We all love the victories, but sometimes it’s in the ashes where God does His most beautiful work. In God’s design, destruction and death can bring about a beauty that victory can not. It is beyond our understanding and often we must wait for Him to do the work of transforming and healing what often seems beyond repair.
It is difficult to watch and to experience when God moves in ways that take our breath away, when He says no to our prayers, when He permits the chaos to roll over us like fierce waves, when we feel very deeply the pain of the fall. When suffering enters in and stays a while…
To be on the receiving end of these moments, changes us.
Yet, I can feel the Lord doing something, as if darkly…I know I am different…He has called me to move forward in faith in spite of not knowing what He is doing in me. To move forward in the darkness, without control or knowledge of where I am going. To trust Him to heal what has been broken by sin. But unlike all the other trials where I felt or saw the victory, this time He just calls me remember to “be still and know that I am God”
I thought a lot about what I could offer in this post. What does a broken person have to offer? But as I wrote this, I realized the answer is hope. Because as much as I am broken, I can sense He is moving…rebuilding…transforming. And I am realizing that it is ok to be broken. How else does wholeness come if not through brokenness. It is through the suffering that we find one of God’s most beautiful treasures – hope.
I have learned in my life there exist sisters in our experiences…suffering and hope, brokenness and faith, fear and courage, wisdom and pain, they seem to hold hands as we go through trials. They seem to walk together each teaching their lesson as they walk. Each leaving their mark upon us.

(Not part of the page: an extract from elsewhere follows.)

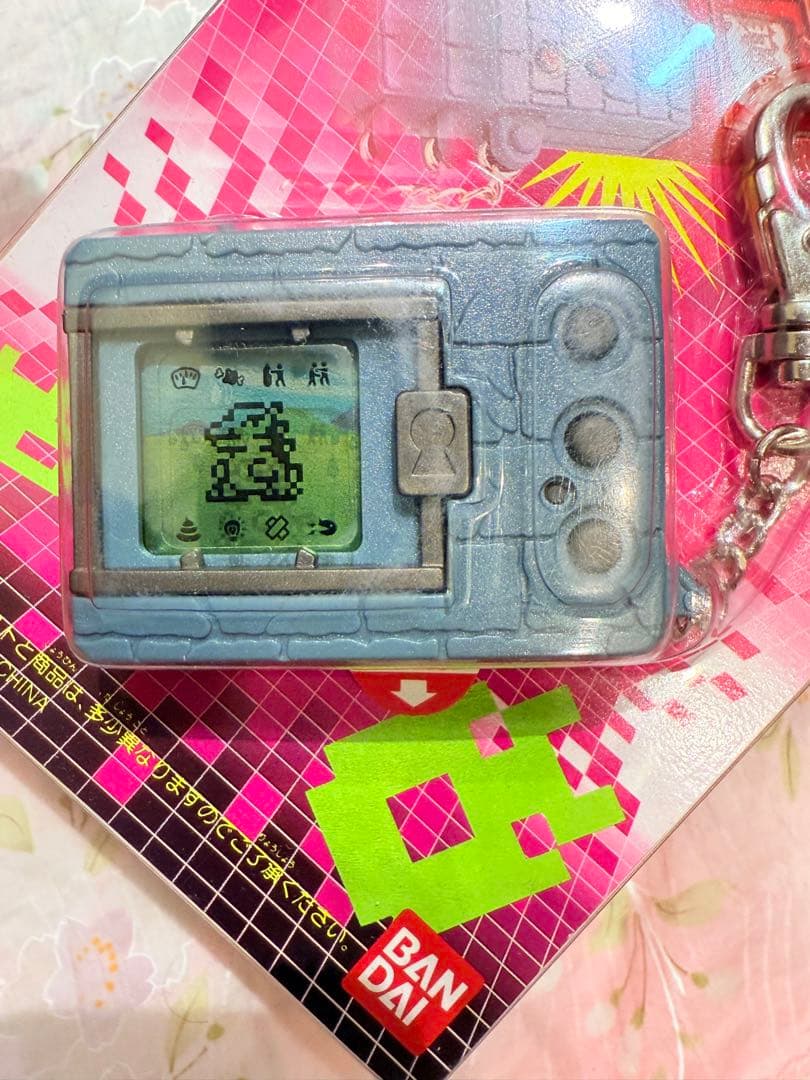 【未開封品】デジタルモンスターVer.1　グレー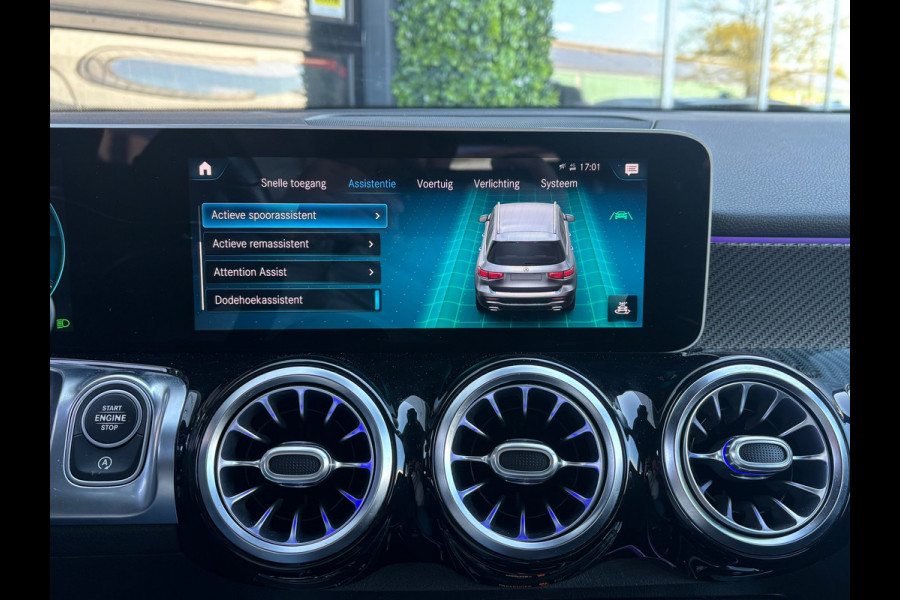 Mercedes-Benz Glb 180 d Premium | AMG-Line | Camera | Carplay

I have also learned that God is in the pain…He is present in the messy, the doubting and the weary do not offend Him. He does not sit as Job’s accusers but rather sits down and eats with the hurting and the forgotten. He seeks out the sad and the confused. He draws back the prodigal. He gets down deep in those trenches right with us. As Micah 7:8 testifies “Rejoice not over me, O my enemy; when I fall, I shall rise; when I sit in darkness, the Lord will be a light to me” – our pain is not our end, for Christ is with us lighting our way through the darkness.
Psalm 18:11 says “He made darkness His hiding place, and storm clouds a canopy around Him.” It is in the darkness and storms, when we feel the most alone and where we wonder if God has forgotten or abandoned us that I believe He is the most present. As if the darkness shrouds His presence so we don’t see that He is walking right alongside us, covering our eyes as He did Moses so we can’t behold His glory…not realizing that it is His hand that is upon us. His darkness overcomes us until the end of the storm when we can see the sun again or sense His presence again…when we can breathe again. Until that time, He lifts us on His shoulders, keeping us from the drowning we fear is happening. Saying to our spirits “As you pass through deep water, I with you”
Being a Christian is hard sometimes but the purpose of our faith is not our glory nor our ease…it’s our rescue. The Gospel is about God making whole people who are terribly broken. It’s about God’s rescue and redemption of people beyond repair, torn apart by sin and unable to help themselves. It’s about a God who walks with us in our darkness, through the storms and the fire, refining and transforming, purging and renewing so that we will be beautiful in our time.
When you are a believer, pain and suffering is never the end of your story…often it is the beginning of something bigger than what you are suffering. Pain is always redeemed, always used, never wasted. In Jesus nothing is ever lost…not one moment. Even our tears are held by God, showing that our pain truly matters to Him.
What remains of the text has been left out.